Saddam made the extraordinary confessions during his second day in court this week, where prosecutors read out documents, showed satellite images and played audio tapes in an attempt to link Saddam to the execution of 148 Shi'ites after a 1982 assassination attempt on his life in Dujail.
''I referred them to the revolutionary court according to the law. Awad was implementing the law, he had a right to convict and acquit,'' Saddam said, referring to his co-accused Awad al- Bandar, the former chief of the Revolutionary Court.
''I razed them ... we specified the farmland of those who were convicted and I signed,'' Saddam told the court trying him for crimes against humanity.
''It's the right of the state to re-own or compensate.

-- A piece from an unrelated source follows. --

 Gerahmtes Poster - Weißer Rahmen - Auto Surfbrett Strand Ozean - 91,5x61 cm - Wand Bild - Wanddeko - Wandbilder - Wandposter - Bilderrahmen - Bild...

So where is the crime?'' Saddam said he ordered the razing of the farms because there had been an attempt on his life as his motorcade drove through the town during a visit in July 1982.

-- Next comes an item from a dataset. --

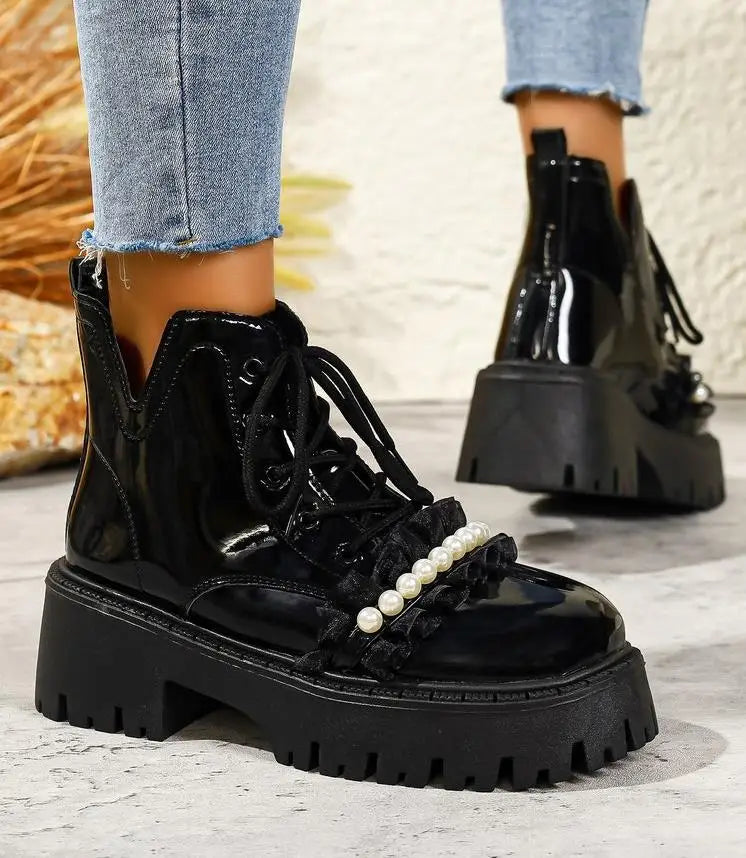 Black Platform Casual Women's Ankle Boots 2025 New Designer Autumn Winter British Style Boots Shoes for Women Botas De Mujer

Describing how gunmen fired machine guns on his vehicle, he said: ''I saw the bullets with my own eyes, I was sitting on the right side.'' The trial, which began in October last year, was adjourned until March 12.
Saddam was mostly subdued as chief prosecutor Jaafar al-Moussawi laid out what he said was evidence linking Saddam to the Dujail case.
Following a week of sectarian violence that has killed hundreds and pitched Iraq toward civil war, Saddam used an opportunity to address the court to recall the unity of Iraqis in the war he waged against Iran in the 1980s.
A day after prosecutors presented what they said was a death warrant signed by Saddam for the 148 Shi'ites, Moussawi showed more papers today -- this time, he said, showing the condemned men's trial had been a farce.
Moussawi also showed aerial pictures of fields laid waste around Dujail and played an audio tape of Saddam in discussion with a Baath party official.
In previous proceedings, the judge has heard testimony from witnesses recounting how they were tortured by Saddam's aides.
If convicted, Saddam, 68, could face death by hanging.
Saddam, who challenged the authenticity of the documents, complained about the prosecutor's behaviour and the judge's disciplining of his half-brother and co-accused, Barzan al- Tikriti.
UNITY The former leader's trial has been overshadowed by fears that Iraq's sectarian tensions are out of control, but Saddam, who has dominated court proceedings in the past with lengthy tirades against the U.S.-backed tribunal, spoke of unity.
''Saddam didn't win in 1988 but the Iraqi people won ... Arab and Kurds and all other religions and sects,'' said Saddam, who appeared more subdued than in previous rowdy appearances.
When chief judge Raouf Abdel-Rahman politely asked Saddam to finish, Saddam said:'' Give me some time, I have been your president for 35 years. I am still the president of Iraq according to the constitution.'' Saddam's calls for Iraqi unity come a week after suspected al Qaeda militants bombed a Shi'ite shrine in Samarra, sparking reprisal killings against minority Sunnis and stalling US- backed efforts to forge a government of national unity that would include Shi'ites, Sunnis and Kurds.
The trial has been marred by the killing of two defence lawyers, the resignation of the previous judge and concerns by international human rights groups who say violence in Iraq makes a fair trial impossible.